DIRECTIONS FOR THIS TASK.
All the entries below should be reproduced exactly.

INPUT MATERIAL.
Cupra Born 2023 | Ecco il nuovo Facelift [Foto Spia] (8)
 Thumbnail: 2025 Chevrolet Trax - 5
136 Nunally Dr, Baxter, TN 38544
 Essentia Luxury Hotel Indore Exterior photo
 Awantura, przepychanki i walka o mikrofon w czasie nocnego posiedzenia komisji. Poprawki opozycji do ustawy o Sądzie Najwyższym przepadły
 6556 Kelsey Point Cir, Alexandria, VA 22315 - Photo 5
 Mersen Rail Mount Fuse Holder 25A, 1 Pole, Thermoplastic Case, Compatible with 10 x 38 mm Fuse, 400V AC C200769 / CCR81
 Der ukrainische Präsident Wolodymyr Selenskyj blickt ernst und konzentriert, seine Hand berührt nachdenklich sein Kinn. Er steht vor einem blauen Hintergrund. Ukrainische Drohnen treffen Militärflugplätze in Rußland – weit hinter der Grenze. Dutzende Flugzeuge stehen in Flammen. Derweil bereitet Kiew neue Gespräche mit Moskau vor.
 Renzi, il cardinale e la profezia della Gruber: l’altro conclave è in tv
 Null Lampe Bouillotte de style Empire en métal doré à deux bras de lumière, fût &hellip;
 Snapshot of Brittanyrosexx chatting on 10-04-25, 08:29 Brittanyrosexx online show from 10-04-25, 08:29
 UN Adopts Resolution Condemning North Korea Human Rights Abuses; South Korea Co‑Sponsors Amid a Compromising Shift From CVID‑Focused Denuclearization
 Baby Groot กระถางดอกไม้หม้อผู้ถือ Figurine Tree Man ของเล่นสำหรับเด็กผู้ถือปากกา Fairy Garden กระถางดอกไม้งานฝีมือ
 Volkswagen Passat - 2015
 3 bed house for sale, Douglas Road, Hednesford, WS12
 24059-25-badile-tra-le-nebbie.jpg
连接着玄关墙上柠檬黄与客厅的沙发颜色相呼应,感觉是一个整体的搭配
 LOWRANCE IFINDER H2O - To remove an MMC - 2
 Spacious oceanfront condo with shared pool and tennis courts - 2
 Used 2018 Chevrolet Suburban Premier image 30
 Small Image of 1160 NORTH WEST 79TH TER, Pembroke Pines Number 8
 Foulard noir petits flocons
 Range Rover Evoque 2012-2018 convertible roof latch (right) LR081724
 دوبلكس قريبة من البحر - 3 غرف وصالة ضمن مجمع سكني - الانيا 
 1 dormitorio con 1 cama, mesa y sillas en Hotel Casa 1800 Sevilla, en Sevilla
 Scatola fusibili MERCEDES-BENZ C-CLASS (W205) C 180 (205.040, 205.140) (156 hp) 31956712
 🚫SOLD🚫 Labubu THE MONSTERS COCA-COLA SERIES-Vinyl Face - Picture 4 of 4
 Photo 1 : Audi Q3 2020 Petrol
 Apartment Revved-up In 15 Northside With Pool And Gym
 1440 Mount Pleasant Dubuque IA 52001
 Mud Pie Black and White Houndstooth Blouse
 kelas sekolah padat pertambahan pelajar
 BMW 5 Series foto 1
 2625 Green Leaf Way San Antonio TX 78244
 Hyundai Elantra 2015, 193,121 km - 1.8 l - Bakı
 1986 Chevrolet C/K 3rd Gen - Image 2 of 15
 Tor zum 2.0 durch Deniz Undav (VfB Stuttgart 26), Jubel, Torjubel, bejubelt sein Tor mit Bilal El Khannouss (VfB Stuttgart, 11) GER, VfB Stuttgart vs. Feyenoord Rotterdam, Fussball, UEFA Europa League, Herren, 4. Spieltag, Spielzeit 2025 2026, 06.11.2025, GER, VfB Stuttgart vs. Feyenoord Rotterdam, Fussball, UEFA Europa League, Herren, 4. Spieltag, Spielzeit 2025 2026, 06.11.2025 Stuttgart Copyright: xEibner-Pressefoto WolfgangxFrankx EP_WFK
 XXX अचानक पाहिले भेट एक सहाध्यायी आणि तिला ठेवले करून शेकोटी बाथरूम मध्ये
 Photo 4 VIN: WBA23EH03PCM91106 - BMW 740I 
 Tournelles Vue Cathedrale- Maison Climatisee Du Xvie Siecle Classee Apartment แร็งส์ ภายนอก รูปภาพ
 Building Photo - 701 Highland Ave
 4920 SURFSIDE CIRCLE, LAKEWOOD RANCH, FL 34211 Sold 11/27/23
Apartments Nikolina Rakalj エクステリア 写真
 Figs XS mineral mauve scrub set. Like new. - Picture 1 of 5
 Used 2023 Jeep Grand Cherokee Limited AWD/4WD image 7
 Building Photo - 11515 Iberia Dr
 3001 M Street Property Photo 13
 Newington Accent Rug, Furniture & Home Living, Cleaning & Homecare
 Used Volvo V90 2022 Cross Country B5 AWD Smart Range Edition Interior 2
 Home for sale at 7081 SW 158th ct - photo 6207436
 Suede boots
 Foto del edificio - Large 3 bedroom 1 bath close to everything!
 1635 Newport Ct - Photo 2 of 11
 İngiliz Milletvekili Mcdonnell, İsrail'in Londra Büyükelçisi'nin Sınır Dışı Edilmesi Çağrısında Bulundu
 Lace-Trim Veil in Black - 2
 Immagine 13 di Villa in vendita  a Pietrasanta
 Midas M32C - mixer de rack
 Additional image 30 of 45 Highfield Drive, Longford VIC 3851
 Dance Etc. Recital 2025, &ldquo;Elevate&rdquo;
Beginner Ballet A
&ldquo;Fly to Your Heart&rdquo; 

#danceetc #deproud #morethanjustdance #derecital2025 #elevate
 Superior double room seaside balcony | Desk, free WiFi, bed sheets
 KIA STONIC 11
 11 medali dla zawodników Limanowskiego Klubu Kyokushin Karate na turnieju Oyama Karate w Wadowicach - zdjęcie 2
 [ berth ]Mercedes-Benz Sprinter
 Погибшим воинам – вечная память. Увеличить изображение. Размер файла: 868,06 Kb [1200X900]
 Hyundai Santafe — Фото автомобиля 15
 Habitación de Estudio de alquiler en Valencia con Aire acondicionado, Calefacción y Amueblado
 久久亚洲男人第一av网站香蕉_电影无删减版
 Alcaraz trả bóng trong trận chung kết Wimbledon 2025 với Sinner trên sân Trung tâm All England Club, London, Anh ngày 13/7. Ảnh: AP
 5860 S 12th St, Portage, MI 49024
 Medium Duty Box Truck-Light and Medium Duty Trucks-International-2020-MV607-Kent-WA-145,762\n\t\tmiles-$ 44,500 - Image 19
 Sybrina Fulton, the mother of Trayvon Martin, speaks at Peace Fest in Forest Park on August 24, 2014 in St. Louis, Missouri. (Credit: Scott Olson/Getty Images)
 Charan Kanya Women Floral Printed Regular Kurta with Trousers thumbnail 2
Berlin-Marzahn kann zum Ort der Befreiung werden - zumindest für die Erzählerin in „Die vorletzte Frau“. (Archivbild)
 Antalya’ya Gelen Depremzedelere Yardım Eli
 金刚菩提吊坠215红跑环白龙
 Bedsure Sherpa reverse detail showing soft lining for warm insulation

WORKED SOLUTION.
Cupra Born 2023 | Ecco il nuovo Facelift [Foto Spia] (8)
 Thumbnail: 2025 Chevrolet Trax - 5
136 Nunally Dr, Baxter, TN 38544
 Essentia Luxury Hotel Indore Exterior photo
 Awantura, przepychanki i walka o mikrofon w czasie nocnego posiedzenia komisji. Poprawki opozycji do ustawy o Sądzie Najwyższym przepadły
 6556 Kelsey Point Cir, Alexandria, VA 22315 - Photo 5
 Mersen Rail Mount Fuse Holder 25A, 1 Pole, Thermoplastic Case, Compatible with 10 x 38 mm Fuse, 400V AC C200769 / CCR81
 Der ukrainische Präsident Wolodymyr Selenskyj blickt ernst und konzentriert, seine Hand berührt nachdenklich sein Kinn. Er steht vor einem blauen Hintergrund. Ukrainische Drohnen treffen Militärflugplätze in Rußland – weit hinter der Grenze. Dutzende Flugzeuge stehen in Flammen. Derweil bereitet Kiew neue Gespräche mit Moskau vor.
 Renzi, il cardinale e la profezia della Gruber: l’altro conclave è in tv
 Null Lampe Bouillotte de style Empire en métal doré à deux bras de lumière, fût &hellip;
 Snapshot of Brittanyrosexx chatting on 10-04-25, 08:29 Brittanyrosexx online show from 10-04-25, 08:29
 UN Adopts Resolution Condemning North Korea Human Rights Abuses; South Korea Co‑Sponsors Amid a Compromising Shift From CVID‑Focused Denuclearization
 Baby Groot กระถางดอกไม้หม้อผู้ถือ Figurine Tree Man ของเล่นสำหรับเด็กผู้ถือปากกา Fairy Garden กระถางดอกไม้งานฝีมือ
 Volkswagen Passat - 2015
 3 bed house for sale, Douglas Road, Hednesford, WS12
 24059-25-badile-tra-le-nebbie.jpg
连接着玄关墙上柠檬黄与客厅的沙发颜色相呼应,感觉是一个整体的搭配
 LOWRANCE IFINDER H2O - To remove an MMC - 2
 Spacious oceanfront condo with shared pool and tennis courts - 2
 Used 2018 Chevrolet Suburban Premier image 30
 Small Image of 1160 NORTH WEST 79TH TER, Pembroke Pines Number 8
 Foulard noir petits flocons
 Range Rover Evoque 2012-2018 convertible roof latch (right) LR081724
 دوبلكس قريبة من البحر - 3 غرف وصالة ضمن مجمع سكني - الانيا 
 1 dormitorio con 1 cama, mesa y sillas en Hotel Casa 1800 Sevilla, en Sevilla
 Scatola fusibili MERCEDES-BENZ C-CLASS (W205) C 180 (205.040, 205.140) (156 hp) 31956712
 🚫SOLD🚫 Labubu THE MONSTERS COCA-COLA SERIES-Vinyl Face - Picture 4 of 4
 Photo 1 : Audi Q3 2020 Petrol
 Apartment Revved-up In 15 Northside With Pool And Gym
 1440 Mount Pleasant Dubuque IA 52001
 Mud Pie Black and White Houndstooth Blouse
 kelas sekolah padat pertambahan pelajar
 BMW 5 Series foto 1
 2625 Green Leaf Way San Antonio TX 78244
 Hyundai Elantra 2015, 193,121 km - 1.8 l - Bakı
 1986 Chevrolet C/K 3rd Gen - Image 2 of 15
 Tor zum 2.0 durch Deniz Undav (VfB Stuttgart 26), Jubel, Torjubel, bejubelt sein Tor mit Bilal El Khannouss (VfB Stuttgart, 11) GER, VfB Stuttgart vs. Feyenoord Rotterdam, Fussball, UEFA Europa League, Herren, 4. Spieltag, Spielzeit 2025 2026, 06.11.2025, GER, VfB Stuttgart vs. Feyenoord Rotterdam, Fussball, UEFA Europa League, Herren, 4. Spieltag, Spielzeit 2025 2026, 06.11.2025 Stuttgart Copyright: xEibner-Pressefoto WolfgangxFrankx EP_WFK
 XXX अचानक पाहिले भेट एक सहाध्यायी आणि तिला ठेवले करून शेकोटी बाथरूम मध्ये
 Photo 4 VIN: WBA23EH03PCM91106 - BMW 740I 
 Tournelles Vue Cathedrale- Maison Climatisee Du Xvie Siecle Classee Apartment แร็งส์ ภายนอก รูปภาพ
 Building Photo - 701 Highland Ave
 4920 SURFSIDE CIRCLE, LAKEWOOD RANCH, FL 34211 Sold 11/27/23
Apartments Nikolina Rakalj エクステリア 写真
 Figs XS mineral mauve scrub set. Like new. - Picture 1 of 5
 Used 2023 Jeep Grand Cherokee Limited AWD/4WD image 7
 Building Photo - 11515 Iberia Dr
 3001 M Street Property Photo 13
 Newington Accent Rug, Furniture & Home Living, Cleaning & Homecare
 Used Volvo V90 2022 Cross Country B5 AWD Smart Range Edition Interior 2
 Home for sale at 7081 SW 158th ct - photo 6207436
 Suede boots
 Foto del edificio - Large 3 bedroom 1 bath close to everything!
 1635 Newport Ct - Photo 2 of 11
 İngiliz Milletvekili Mcdonnell, İsrail'in Londra Büyükelçisi'nin Sınır Dışı Edilmesi Çağrısında Bulundu
 Lace-Trim Veil in Black - 2
 Immagine 13 di Villa in vendita  a Pietrasanta
 Midas M32C - mixer de rack
 Additional image 30 of 45 Highfield Drive, Longford VIC 3851
 Dance Etc. Recital 2025, &ldquo;Elevate&rdquo;
Beginner Ballet A
&ldquo;Fly to Your Heart&rdquo; 

#danceetc #deproud #morethanjustdance #derecital2025 #elevate
 Superior double room seaside balcony | Desk, free WiFi, bed sheets
 KIA STONIC 11
 11 medali dla zawodników Limanowskiego Klubu Kyokushin Karate na turnieju Oyama Karate w Wadowicach - zdjęcie 2
 [ berth ]Mercedes-Benz Sprinter
 Погибшим воинам – вечная память. Увеличить изображение. Размер файла: 868,06 Kb [1200X900]
 Hyundai Santafe — Фото автомобиля 15
 Habitación de Estudio de alquiler en Valencia con Aire acondicionado, Calefacción y Amueblado
 久久亚洲男人第一av网站香蕉_电影无删减版
 Alcaraz trả bóng trong trận chung kết Wimbledon 2025 với Sinner trên sân Trung tâm All England Club, London, Anh ngày 13/7. Ảnh: AP
 5860 S 12th St, Portage, MI 49024
 Medium Duty Box Truck-Light and Medium Duty Trucks-International-2020-MV607-Kent-WA-145,762\n\t\tmiles-$ 44,500 - Image 19
 Sybrina Fulton, the mother of Trayvon Martin, speaks at Peace Fest in Forest Park on August 24, 2014 in St. Louis, Missouri. (Credit: Scott Olson/Getty Images)
 Charan Kanya Women Floral Printed Regular Kurta with Trousers thumbnail 2
Berlin-Marzahn kann zum Ort der Befreiung werden - zumindest für die Erzählerin in „Die vorletzte Frau“. (Archivbild)
 Antalya’ya Gelen Depremzedelere Yardım Eli
 金刚菩提吊坠215红跑环白龙
 Bedsure Sherpa reverse detail showing soft lining for warm insulation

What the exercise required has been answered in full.